Rete Rurale Nazionale ha realizzato nuovo report sulle principali filiere delle colture proteiche, estremamente strategiche per l'agroalimentare sia a livello italiano che a livello comunitario, sia per il ruolo fondamentale per la gestione sostenibile delle risorse climatico ambientali che per la connessione con le produzioni zootecniche. Dal punto di vista dei prodotti si possono distinguere le colture proteiche a prevalente impiego nell'alimentazione animale, come soia, pisello proteico ed erba medica rispetto a quelle destinate esclusivamente all'alimentazione umana (fagiolo, lenticchia, cece).
Dal punto di vista dei dati di fatturato, il settore delle oleo proteaginose nel 2021 ha registrato un valore della produzione ai prezzi di base di soia, girasole e legumi secchi pari a 650 milioni di euro, pari al 3,9% della produzione delle coltivazioni erbacee e al 2% di quella totale delle coltivazioni agricole agricole. In termini di superficie, soia e girasole rappresentano rispettivamente il 61,7% e il 25,3% della Sau a colture industriali, mentre sul valore della Sau nazionale si tratta rispettivamente del 2,23% e 0,91%.
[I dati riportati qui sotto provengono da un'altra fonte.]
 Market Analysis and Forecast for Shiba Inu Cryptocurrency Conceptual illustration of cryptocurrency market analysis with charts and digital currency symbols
L'erba medica costituisce invece il 28% dela Sau a foraggere e quasi il 5,4% della superficie agricola nazionale. A livello di trasformazione industriale, con particolare riferimento alla componente proteica, la principale destinazione è la produzione di alimenti per animali da allevamento, con un giro d'affari pari a 6,66 miliardi di euro, in particolare trattasi di premiscele, piselli e fagioli conservati, farine vegetali.
Analizzando i principali dati della filiera, l'ammontare delle superfici di soia, girasole, colza ed erba medica, sommate, è sostanzialmente rimasto stabile fra il 2018 e il 2021, riducendosi lievemente da 1 milione e 188mila ettari a 1 milione e 154mila ettari. Produzione in calo da quasi 21 a 19,7 milioni di tonnellate, mentre in termini di valore si è accresciuto il valore della produzione industriale venduta. Relativamente a questo dato, interessante la struttura dell'industria mangimistica in Italia, con 417 mangimifici, in particolare dislocati al Nord Italia, per una produzione annuale di mangimi composti pari a 15,6 milioni di tonnellate nel 2021. Sul fronte dei prezzi, per tutte le principali commodity, nel 2021 si è registrato un sensibile rush dopo un biennio di sostanziale stallo.
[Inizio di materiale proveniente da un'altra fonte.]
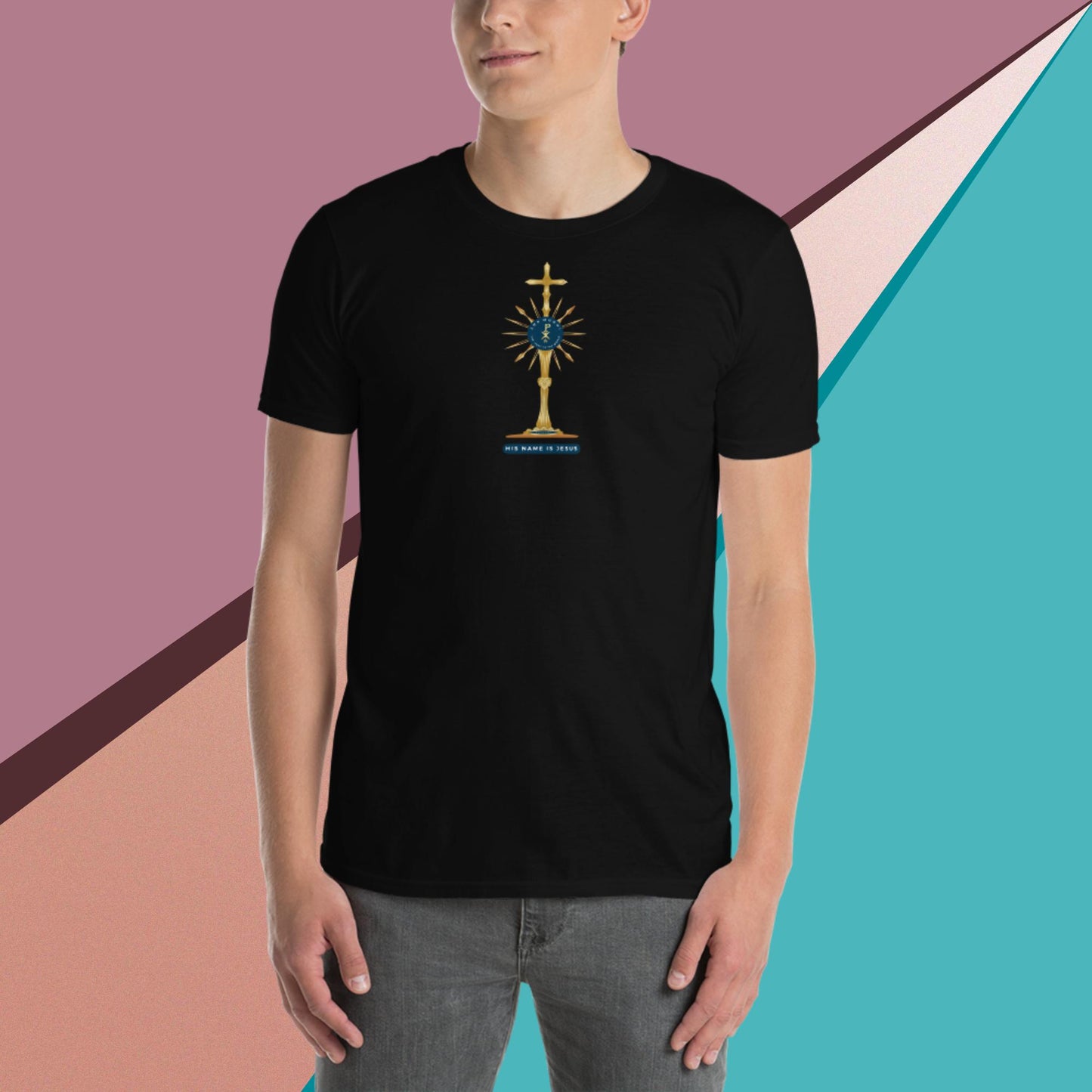 Short-Sleeve Unisex T-Shirt Kukloso PX Christogram - Monstrance - Free Shipping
Analizzando invece la situazione in termini di scambi commerciali, i semi di soia hanno presentato nel 2021 un passivo di bilancio di oltre 1 miliardo di euro, d'altronde si tratta del prodotto dal quale dipendiamo maggiormente dall'estero. Poi seguono, in ordine sparso, le panelle di soia (-552 milioni di deficit), farine di soia (surplus di +51 milioni di euro), olio di soia (+181 milioni), semi di girasole (-81 milioni), olio di girasole (-533 milioni), colza (-8 milioni), farine di erba medica (+45 milioni).
Le prospettive Ocse e Fao di medio-lungo periodo ci dicono che la produzione di soia dovrebbe raggiungere entro il 2031 411 milioni di tonnellate, con un aumento dell'1% annuo nel prossimo decennio. La crescita dovrebbe essere apportata grazie all'aumento delle rese e alla crescita delle superfici coltivate, con Brasile e Stati Uniti a farla da padroni con due terzi della produzione mondiale.
Per quanto concerne la coltivazione di altri semi oleosi, in particolare colza e girasole, le produzioni saranno meno concentrate, entro un decennio, nel 2031, la produzione dovrebbe attestarsi intorno a 188 milioni di tonnellate. Prospettive di crescita per il consumo di oli vegetali, che potrebbe raggiungere le 249 milioni di tonnellate, con il 66% destinato al consumo alimentare. 410 milioni di tonnellate infine dovrebbe essere la produzione futura annua nel 2031 per le farine proteiche, quasi interamente impiegate nell'alimentazione del bestiame, e limitate da un rallentamento della crescita delle produzioni zootecniche.